Analysis of Long-Term Anisotropic Convergence in Drifts Excavated in Callovo-Oxfordian Claystone

The main purpose of this paper is to analyze the convergence measurements in drifts of the Underground Research Laboratory (URL) of the French National Radioactive Waste Management Agency (Andra), excavated in Callovo-Oxfordian claystone. These measurements show an anisotropic closure, which depends on the drift orientations with respect to the horizontal in situ stresses. This anisotropic character of the deformation is taken into account by assuming that the drifts section evolves following an elliptical shape.
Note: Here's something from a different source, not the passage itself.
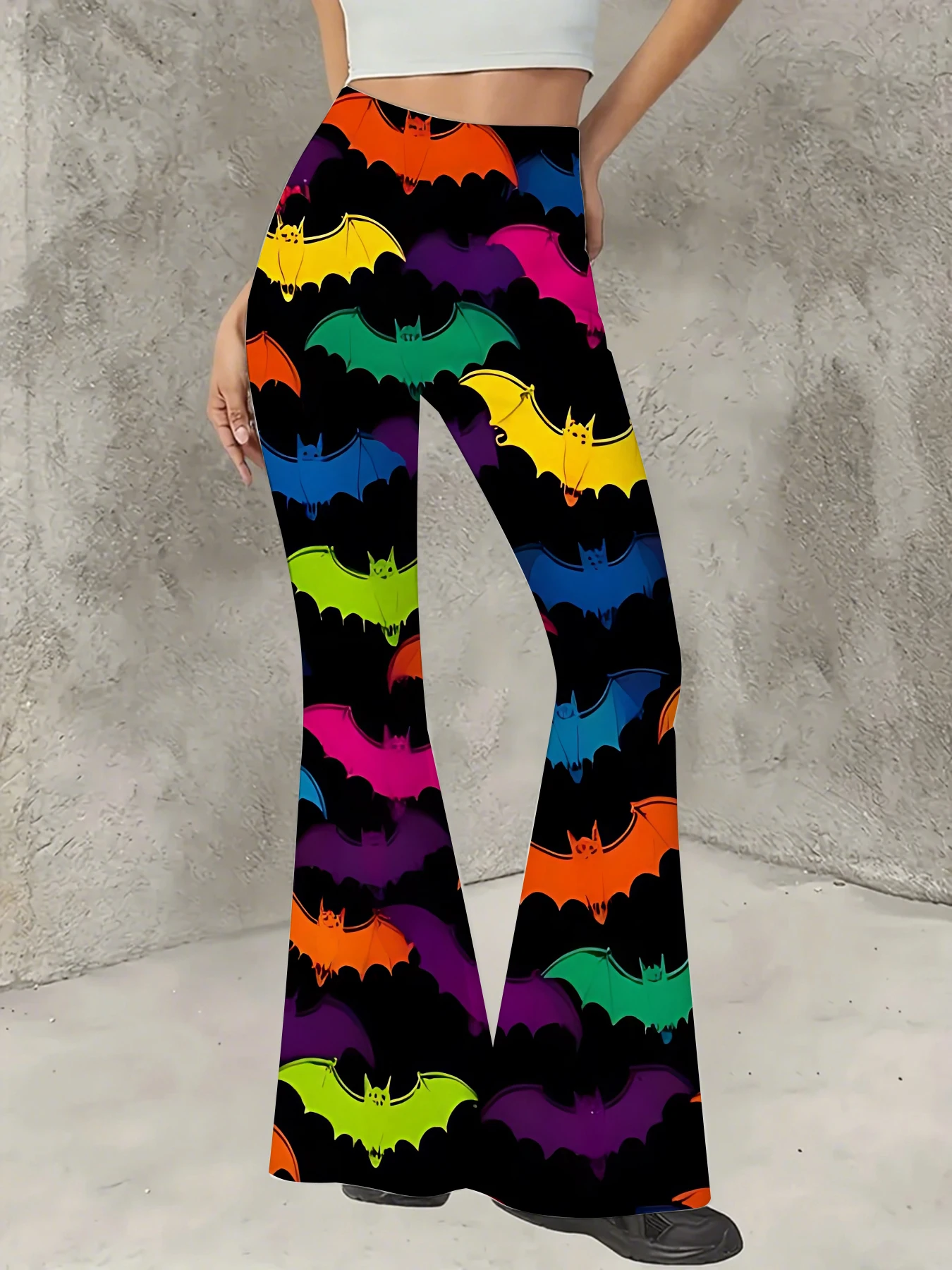 

Women's Boho Printed Flare Pants Vintage Knit High Waist Wide Leg Trousers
The characteristics of the deformed elliptical section are evaluated following the methodology proposed by Vu et al. (Rock Mech Rock Eng 46:231–246, 2013). Then, using the semi-empirical law proposed by Sulem et al. (Int J Rock Mech Min Sci Geomech Abstr 24:145–154, 1987), the convergence evolution is fitted independently for each axis of the ellipse. This method allows to distinguish two effects: the face advance and the time-dependent behavior of the ground. The results for the two drift orientations (along the major horizontal stress and perpendicular to it) show very close values for the parameters describing the time-dependent properties of the ground, the distance of influence of the face, and the extent of the decompressed zone around the drift. Finally, the model is validated by keeping these parameters as constants and by simulating the convergence data on a new drift. It is shown that with a period of about 40 days of convergence monitoring, the model can provide valuable insights for predictions of the convergence evolution in the long term.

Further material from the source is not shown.